Section 35 of the Property Law Act provides for the cancellation of an easement if it is obsolete due to changes in the character of the land, the neighbourhood or other material circumstances. Without this section, the following easement interests, which were the focus of two recent cases before the British Columbia Court of Appeal, could go on forever.

The first case involved an easement given in 1994 as part of a phased strata development. It gave the developer and other workers access to the phase one common property to move construction material and equipment necessary for the completion of the phase two building. It also gave the eventual owners of the phase two units a right of access through the common property of phase one to the street.

The developer went bankrupt, preventing construction of phase two as planned. It was sold to another developer in 1999, who intended to build a structure similar to the original plan; however, it would be a different strata corporation separate from phase one. The new developer needed the access and construction easements as well, but the phase one owners opposed it and applied for an order declaring the easements obsolete.

They argued the easement's purpose was to assist in the completion of phase two, as part of a strata development governed by one strata council. The developer responded that the agreement creating the easements did not contain express wording limiting development of the phase two lands to the original developer's plan. He argued the first developer would have intended to have as much flexibility as possible, ensuring he or his successors continued to have access to facilitate the development of the phase two lands.

The Supreme Court of British Columbia judge interpreted the easement document as a whole, concluding the easement was obsolete because the parties intended the easement to apply only to the original plans.1

The second case involved a 12-foot easement created in 1955 along the common boundary of one lot, providing access from a street to a private garage on the adjoining lot. While the recitals in the easement document stated that was the purpose for creating it, the express grant of easement in the remainder of the document used broader language. It stated that the easement could be used for all purposes connected with the use and enjoyment of the land.
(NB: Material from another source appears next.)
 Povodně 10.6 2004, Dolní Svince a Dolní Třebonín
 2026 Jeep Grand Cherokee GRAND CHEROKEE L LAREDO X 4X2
The garage was demolished in 1969 to make way for a 51-unit apartment building. The apartment owners made minimal use of the easement until the owner of the lot over which the easement ran tried unsuccessfully to make a deal for its removal. In this case, the apartment owners were successful in the Supreme Court of British Columbia because the judge concluded that the reference to "all purposes" prevented the easement from becoming obsolete.2

Each loser successfully appealed the decisions of the Supreme Court judges. The developer won when the British Columbia Court of Appeals held that if the parties had intended to expressly limit development to the original plans, it would have been easy for them to have stated that when the agreement was prepared. The second developer's intentions to use the easements for the purposes set forth in the original agreement also helped.3

In the second case, the lot owner won, because the court considered the changes that had taken place in the neighbourhood and the apartment owners' failure to use the easement. This outweighed the broad language upon which the Supreme Court judge relied.4

  1. Portrait Homes Ltd. v. Strata Plan LMS 1191, S.C.B.C., New Westminster Registry, Reasons for Judgment, August 5, 2000.
  2. TDL Group LTD. v. Harvey, S.C.B.C., New Westminster Registry, Reasons for Judgment, March 29, 2001.
  3. TDL Group LTD. v. Harvey, B.C.C.A., Vancouver Registry, Reasons for Judgment, April 22, 2002.
  4. TDL Group LTD. v. Harvey, B.C.C.A., Vancouver Registry, Reasons for Judgment, April 22, 2002.